LoRa-based Home Alarm System

I started a new project recently and this one is centered around LoRa radios.

I’m using two of Adafruit’s RFM9X Feather units as the beginnings of a home alarm system. One unit will be a simple PIR sensor and the second unit will be a receiver or master control unit.

Airspayce’s Radiohead library makes usage very easy. In no time, I’ve been able to code a very simple conversation between the two nodes so that 1) radio traffic is minimal and 2) there is basic message-handling.

I’m also trying to keep everything as simple and minimal as possible, since it’s an alarm system. The fewer places things can go wrong the better. At it’s core, the system currently works like this:

  1. PIR sensor detects a person.
  2. The alarm broadcasts a specific message to any listening nodes.
  3. The receiver receives the message and validates it (looks for a specific message)
  4. The receiver broadcasts a specific acknowledgement to any listening nodes.
  5. The alarm is expecting the acknowledgement and until it receives it, will continue to broadcast the alarm for as long as the PIR is active (currently ~2 seconds)

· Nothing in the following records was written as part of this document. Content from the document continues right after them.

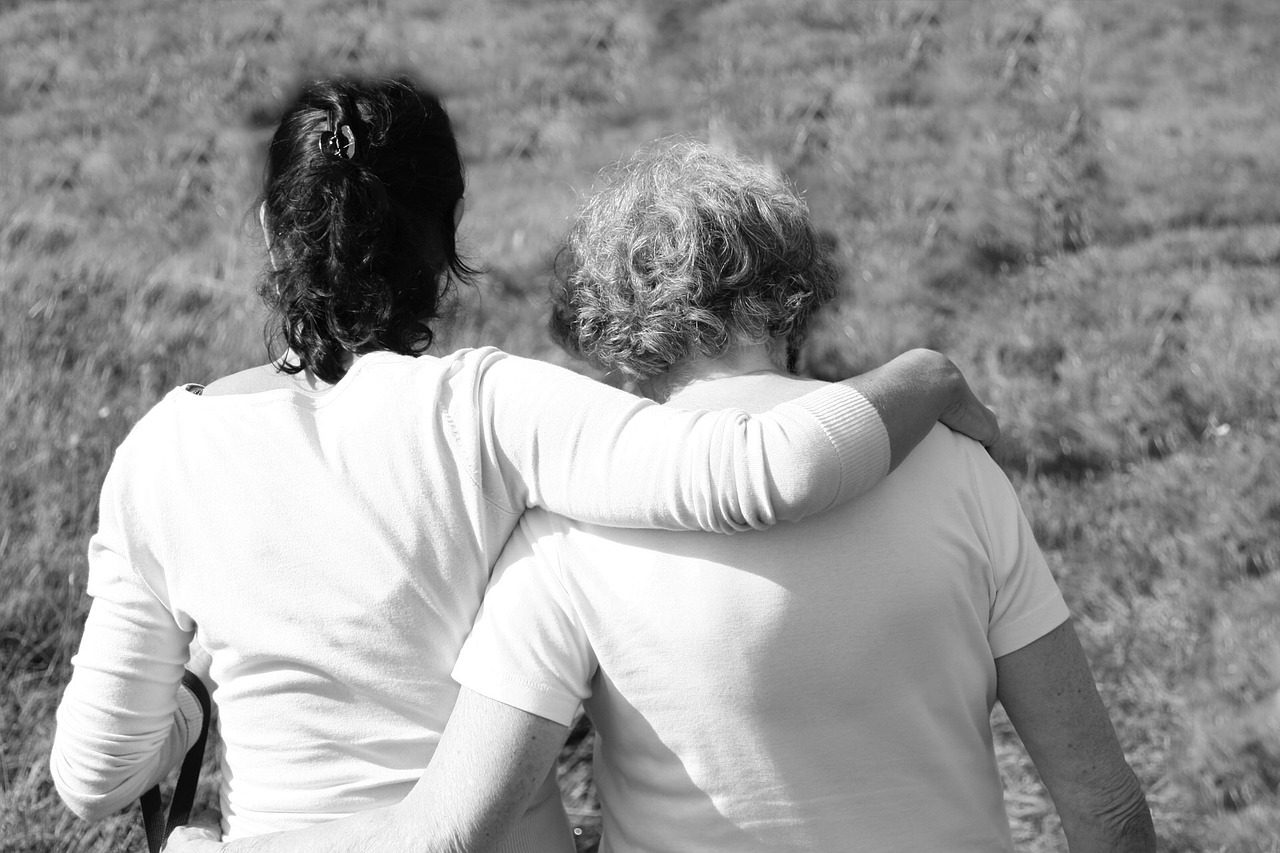 Two women are hugging each other in a field.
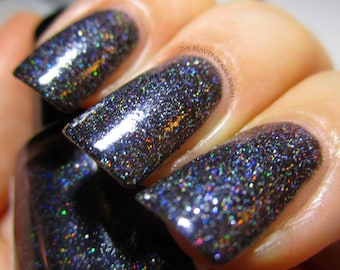May include: Close-up of three fingernails painted with a dark blue nail polish with iridescent glitter. The text "THE BEAUTY OF NAIL POLISH" is visible in the background.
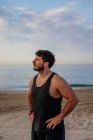 Fiducioso uomo barbuto in piedi sulla spiaggia al tramonto — Foto stock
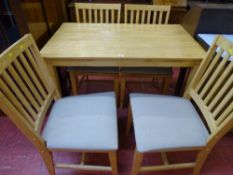 A modern lightwood effect dining table & four chairs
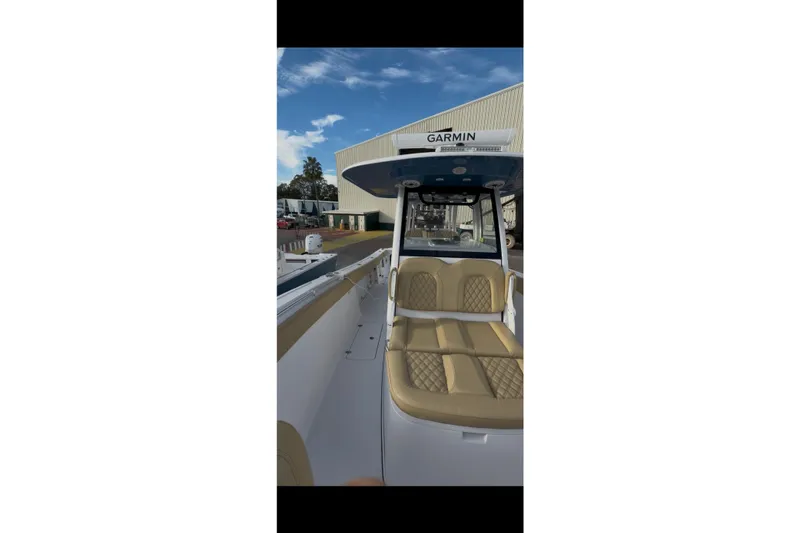Slide: The Image of 2023 Sportsman Open 322 Center Console boat with tan seating and Garmin equipment. - 39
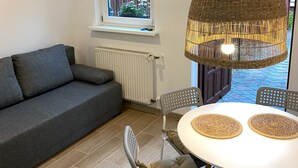 Uma sala de estar acolhedora com um sofá cinza, uma mesa redonda com dois jogos americanos de fibra natural e uma luminária pendente de vime.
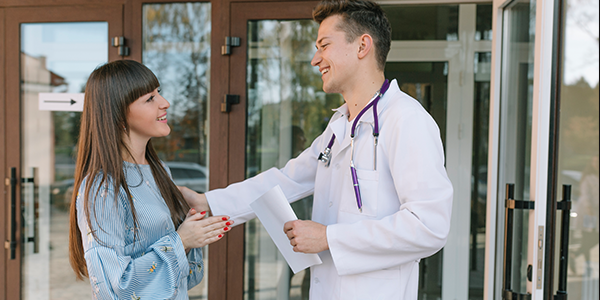 médico com estetoscópio roxo cumprimentando paciente com encaixe de consulta na porta do consultório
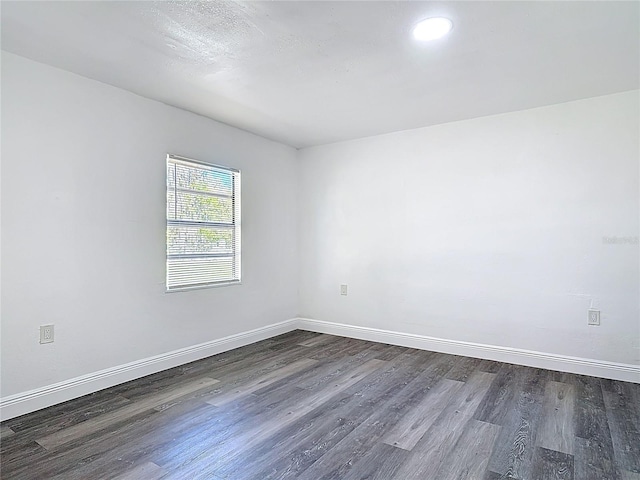 spare room with baseboards and dark wood-style flooring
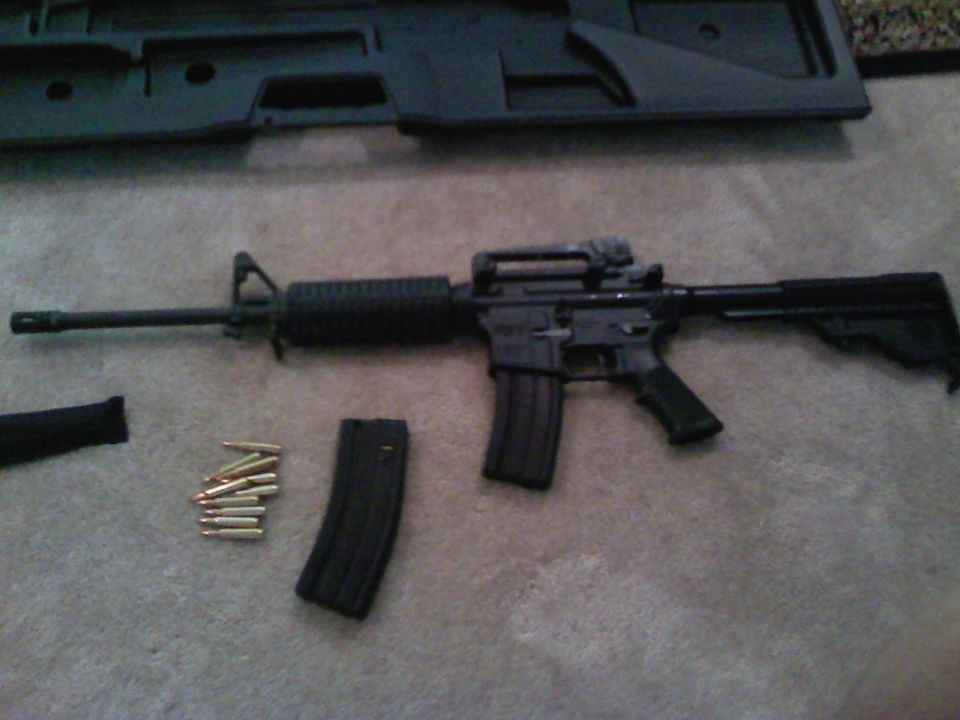 Assault rifle with magazine and loose cartridges on carpet, with a black case in the background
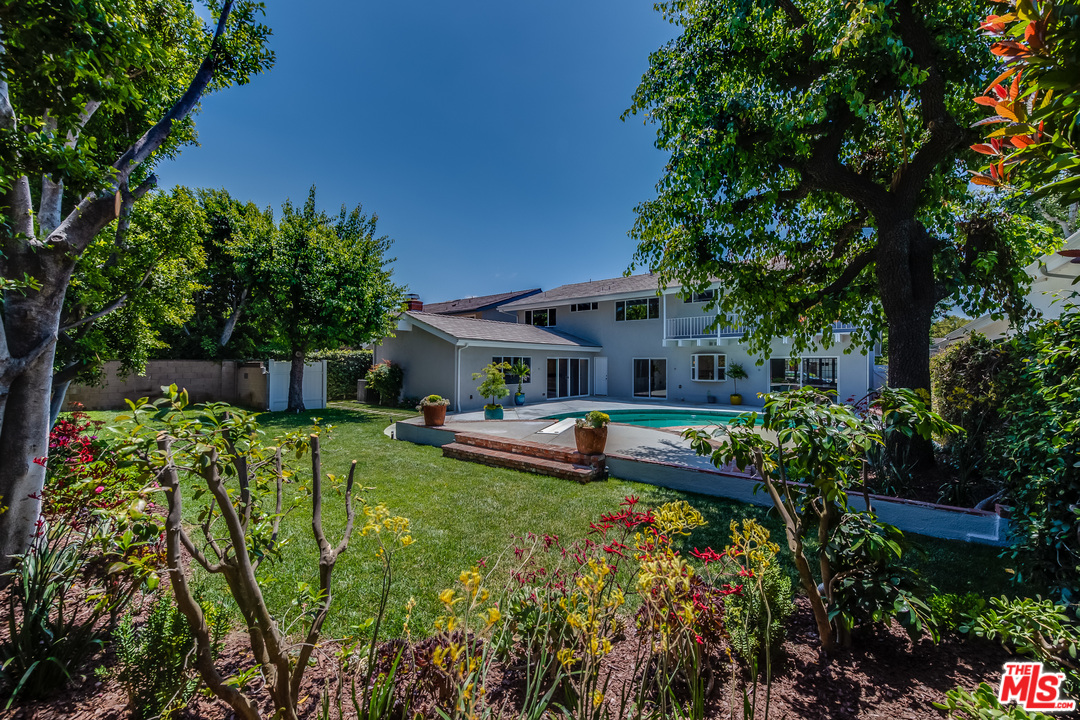 13133 Morrison Street Sherman Oaks, CA 91423 - Photo 25 of 26 a front view of house with a garden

Both the alarm and the receiver have piezo speakers and can chirp or beep.

I’m waiting on some hardware to make things a bit more pretty and functional, but currently I have a fully functional system. The alarm sensor has only 156 lines of code and the receiver has 117.

The next steps are to add a touch-display and wifi access to the receiver. But with only a couple of days’ work and minimal hardware, I have a system that reliably alerts us.

I was impressed that the two radios are able to talk to each other through our apartment, which has thick concrete walls. I’m currently using untuned, short, wire antennas—properly tuned antennas are on their way. We’re unable to use 5Ghz wifi in our bedroom because of the thick walls so the lower-frequency LoRa radios work well in getting a signal from the front door all the way to the bedroom with signal-strength to spare (RSSI of around -75).